6 de julio de 2019

186. El rebaño


Recuerdo un viaje que hice hace muchos (bastantes) años a un pueblo cercano a la costa francesa, un pueblo que aún vive a partir de las actividades primarias de la economía, aunque todavía no explota su potencial con el valor agregado a sus productos del campo.

         Si mi memoria no me falla, fue un viaje corto, apenas duraría unos nueve o diez días, pero en ese lapso fueron frecuentes las escenas de hatos ganaderos pastando en las extensas praderas bajo un tibio sol de verano (de un tibio atípico para ser verano cerca de la costa).
         Yo era la acompañante. Lorena me había pedido no dejarla sola en ese viaje de vuelta a su pueblo para el sepelio de su madre.

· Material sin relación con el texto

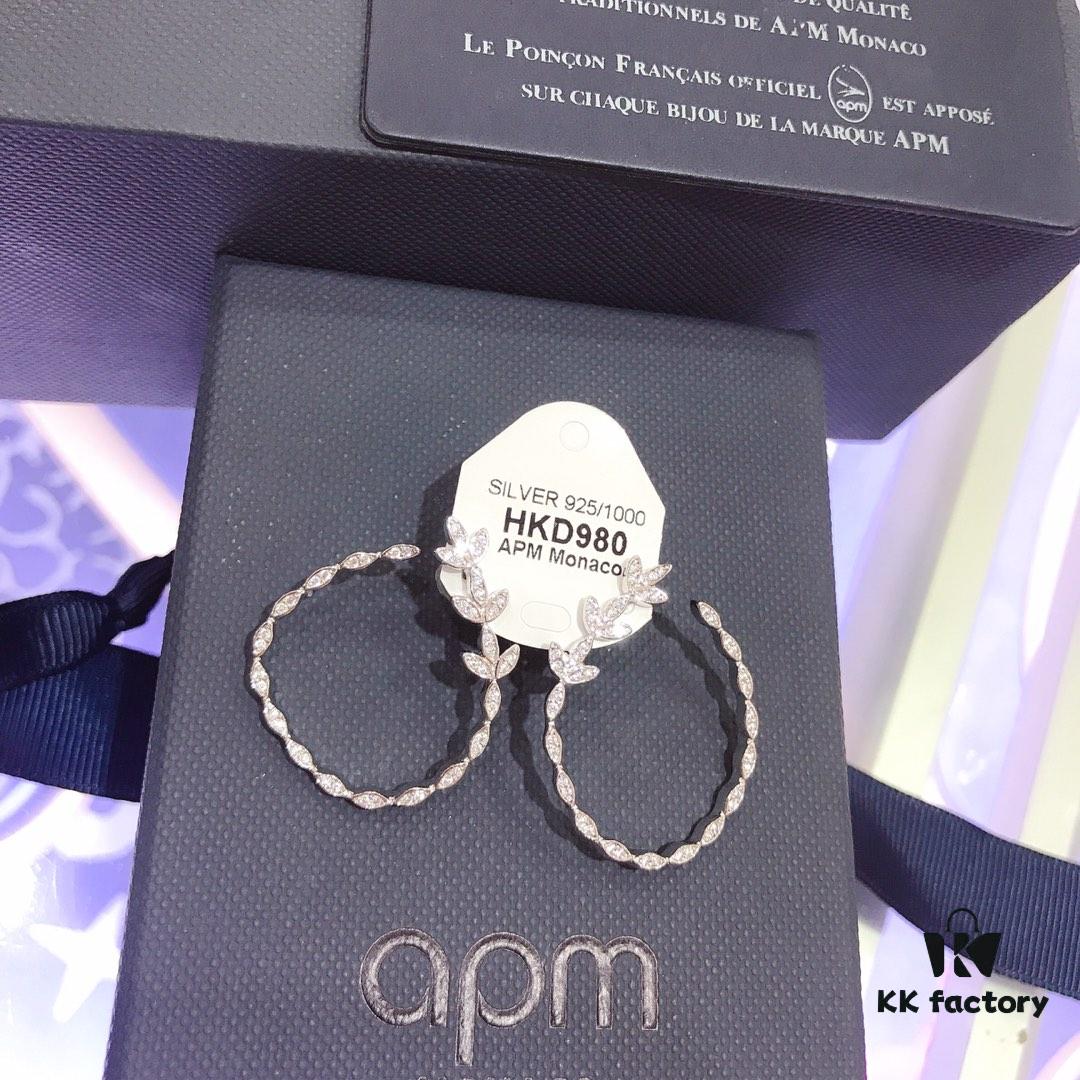 A Family Monaco Minimalist Asymmetrical Flower Stud Earrings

Llegamos una tarde en que las vacas y los borregos corrían en esos prados de un verde intenso que jamás he vuelto a ver, balando alegres de su libertad para correr en kilómetros y kilómetros de pastizales crecidos con las lluvias recientes.
         Lorena acudió a los servicios funerarios y atendió a las formalidades del ritual para recibir a otros familiares, el pésame, las lágrimas, los abrazos y palabras de afecto, solidaridad y sororidad ante la pérdida. Solo yo sabía que era mera formalidad y que Lorena no sentía en lo más profundo la pérdida de quien le había traído al mundo.

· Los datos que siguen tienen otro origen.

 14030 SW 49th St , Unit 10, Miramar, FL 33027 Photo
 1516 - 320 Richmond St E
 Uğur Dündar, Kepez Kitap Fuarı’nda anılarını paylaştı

         Así transcurrieron los primeros tres días hasta que el nombre de su madre fue inscrito en la lápida colocada sobre la tumba. La mañana del cuarto día, despertamos temprano al tibio sol de verano, nos vestimos y salimos de casa para correr como las vacas en medio de los pastizales, riendo con los brazos abiertos para sentir el aire que se colaba entre los dedos e imaginando que los brazos eran alas que se desplegaban para alzar el vuelo.

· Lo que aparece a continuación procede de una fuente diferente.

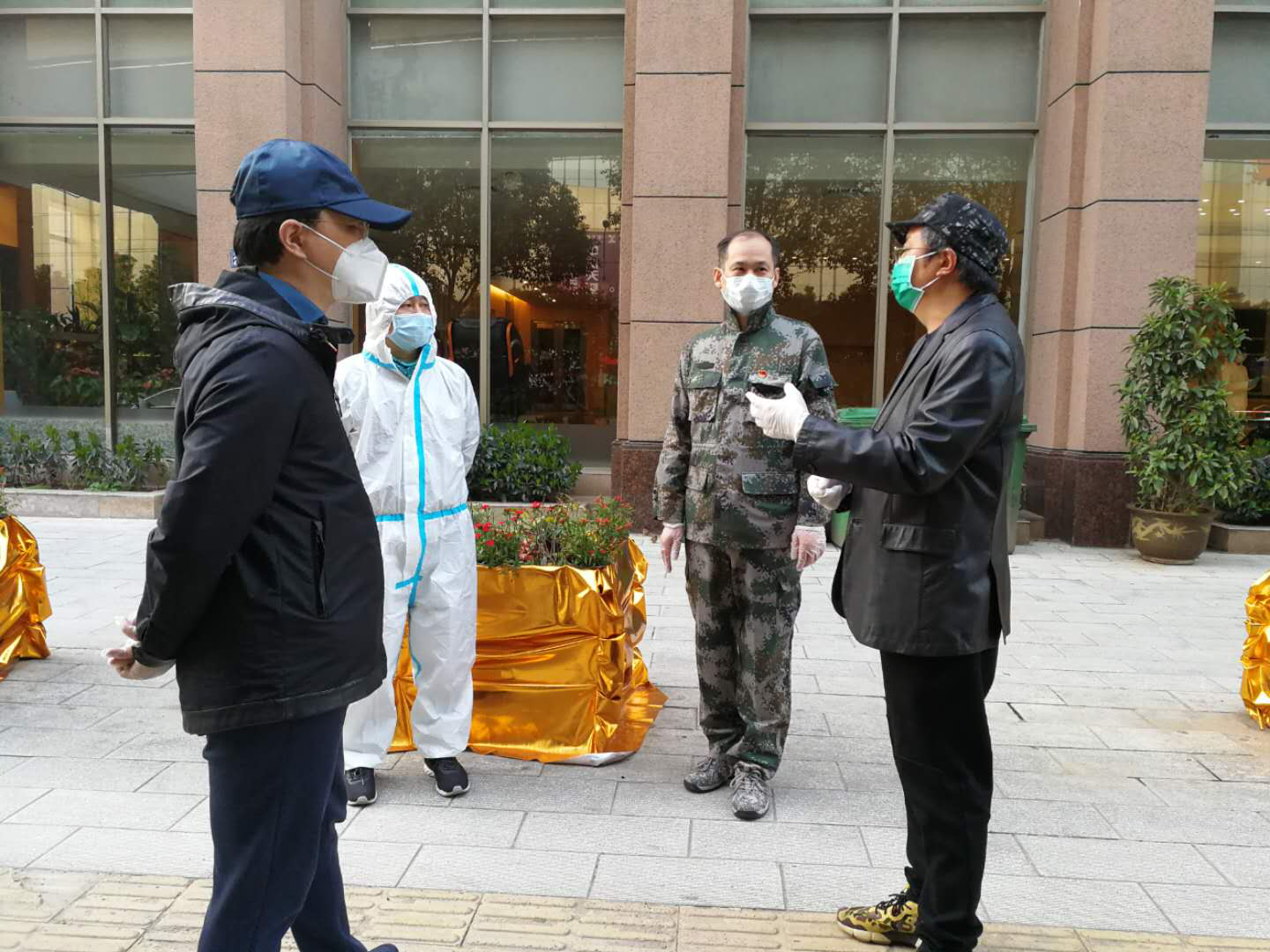 ��yun�����������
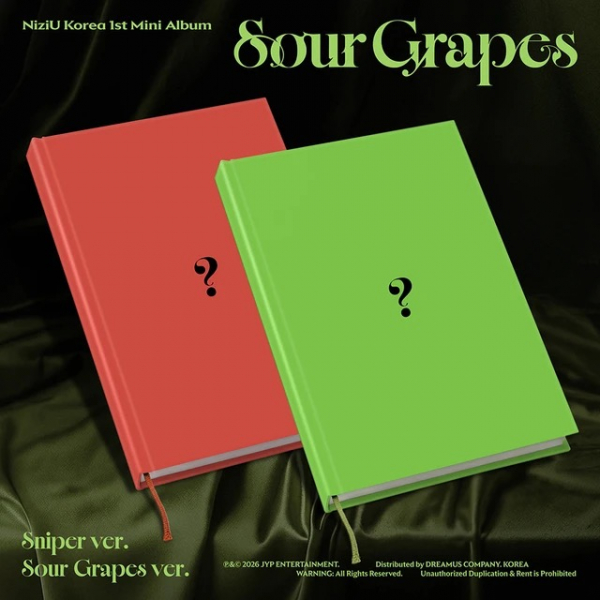 NiziU - Sour Grapes (Random Ver.) in der Gruppe CD / Kommande / K-Pop bei Bengans Skivbutik AB (5690045)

         Cansadas de la carrera, nos recostamos en algún punto de esas praderas, entre las vacas, y nos dedicamos a contemplar el cielo y las nubes que pasaban en ligeros movimientos. Ignoro lo que pensaba o sentía Lorena en esos momentos. Me concentré (y lo recuerdo como si fuera ayer) en las vacas, los borregos y las cabras que nos rodeaban pastando a unos metros de nosotras.
         Dos o tres pastores también se habían recostado cerca mientras echaban un ojo a sus rebaños. Y entonces se presentó la epifanía: la humanidad como un rebaño que obedece a líderes que no son líderes, sino custodios que vigilan que el rebaño se mantenga dentro de su campo de visión para seguirle explotando a partir de lo que es capaz de producir.
         Sé que mi reflexión es más sensitiva que lógica o experimental. Nada tiene de científico ver a un rebaño pastar en las praderas y de pronto ser consciente de que ese rebaño es una analogía de la humanidad que vive sometida a los designios que dispone el pastor.
         Huí del rebaño. Me llamaron loca, bestia, bruja, rebelde feminista, falso intento de ser hombre. Y me callé, pero el que calla no siempre otorga. Hay silencios que significan.